Pedro Nuno Santos pode jurar que continua a ser violentamente contra as ideias de Montenegro, pode dizer que não tem medo de eleições e alegar que age apenas e só em nome dos interesses do país. Mas há um problema nesse exercício: o país não mudou assim tanto em quatro meses e uns pózinhos. Não há nada de substantivo que justifique tamanha mudança de atitude. O primeiro-ministro continua a chamar-se Luís Filipe Montenegro, o Governo continua a ser composto pelos mesmos PSD e CDS, e o caminho tenebroso que a AD tem para o país, segundo Pedro Nuno versão “Março de 2024”, continua a ser o mesmo quatro meses depois. Para o mesmo efeito, aliás, o Chega continua a ter os mesmos 50 deputados que permitiriam salvar a AD e dispensar a ajuda do PS.

Os eleitores, simpatizantes e militantes socialistas escolherão que versão de Pedro Nuno Santos preferem, se o de 2012, se o de março de 2024 ou se o de julho de 2024. Mas há um dado irrefutável: a estratégia do líder socialista mudou radicalmente. Não se podem defender posições diametralmente opostas com a mesmíssima convicção sem que, pelo menos, exista um esclarecimento fundamentado, um racional orientador, uma explicação com cabeça, tronco e membros.

Também houve outra coisa que mudou. Em 2012, não faltaram vozes críticas de António José Seguro. Pedro Nuno Santos, claro, mas também Pedro Silva Pereira, João Galamba ou Duarte Cordeiro, por exemplo, manifestaram oposição frontal à decisão de Seguro. Desta vez, no entanto, não houve uma única alma socialista a dizer o óbvio e a exigir um esclarecimento. Se viabilizar o próximo Orçamento do Estado, depois de tudo o que disse sobre essa mera possibilidade teórica, Pedro Nuno Santos vai estar a engolir um monumental sapo.

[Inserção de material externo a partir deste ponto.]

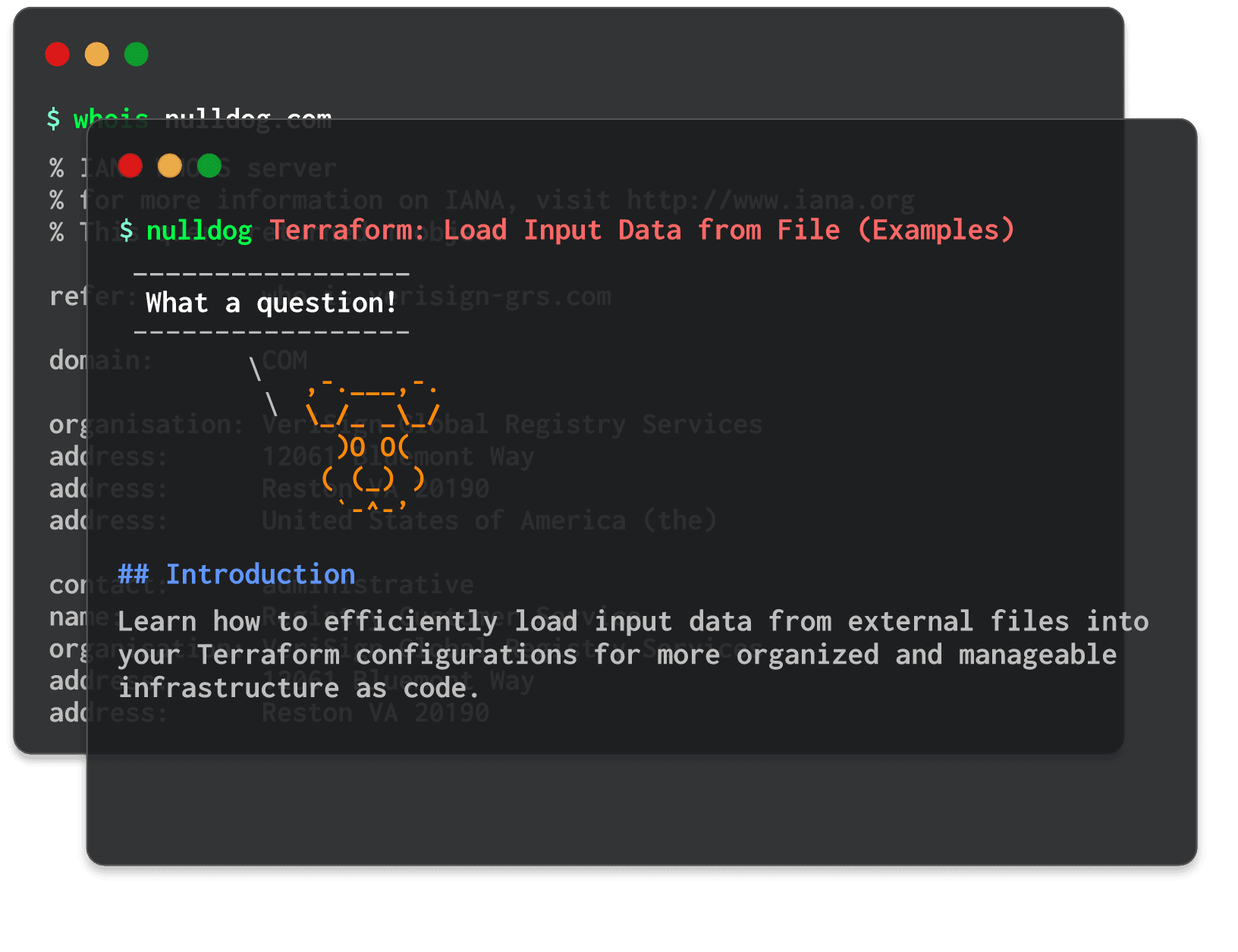 Terraform: Load Input Data from File (Examples) 
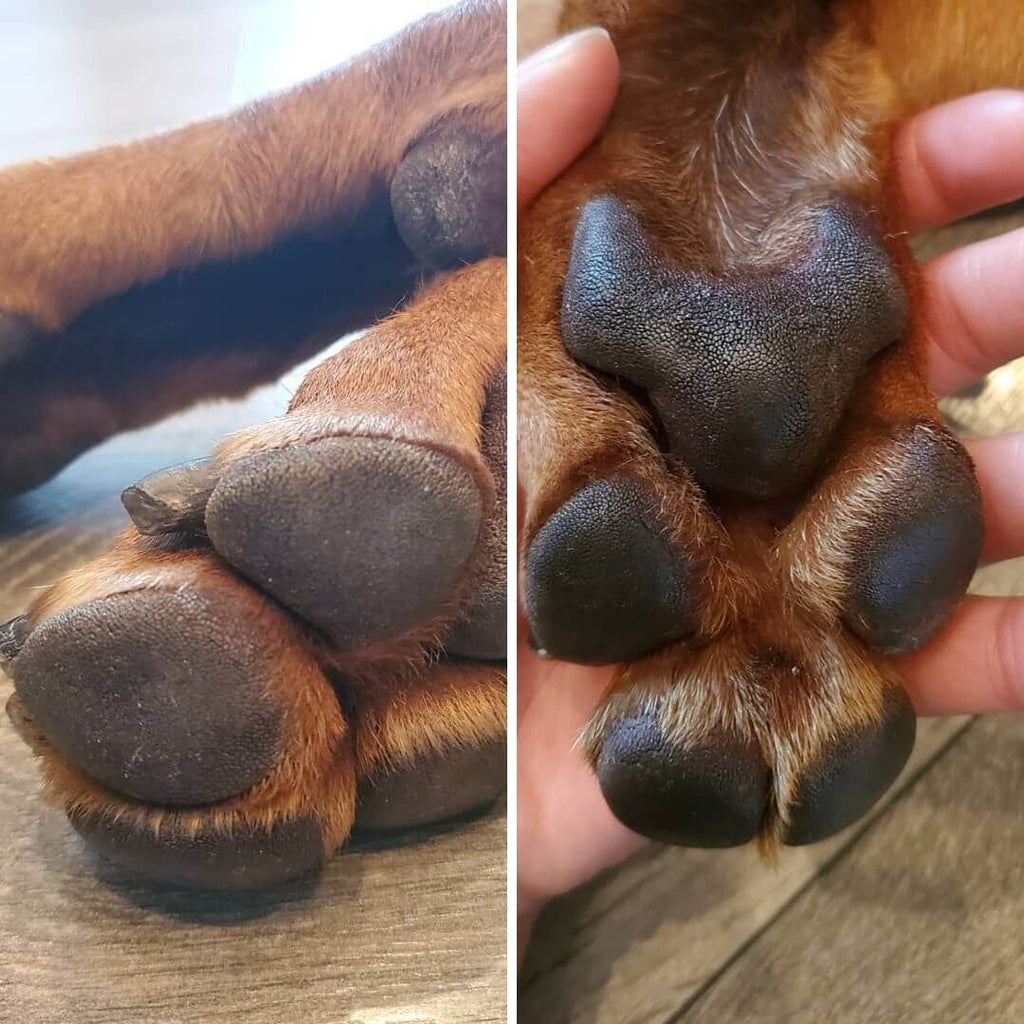 why are my dogs paws cracked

Não havendo ninguém com peso político a dizer isto mesmo, sobra uma de três hipóteses não necessariamente excludentes. Ou falta pensamento crítico no Largo do Rato; ou falta gente com vontade de fazer oposição interna (legítima, frontal e democrática) a Pedro Nuno; ou estão todos apostados em deixá-lo queimar em lume brando porque o lugar de líder da oposição não interessa muito neste momento. António José Seguro não teve tanta sorte.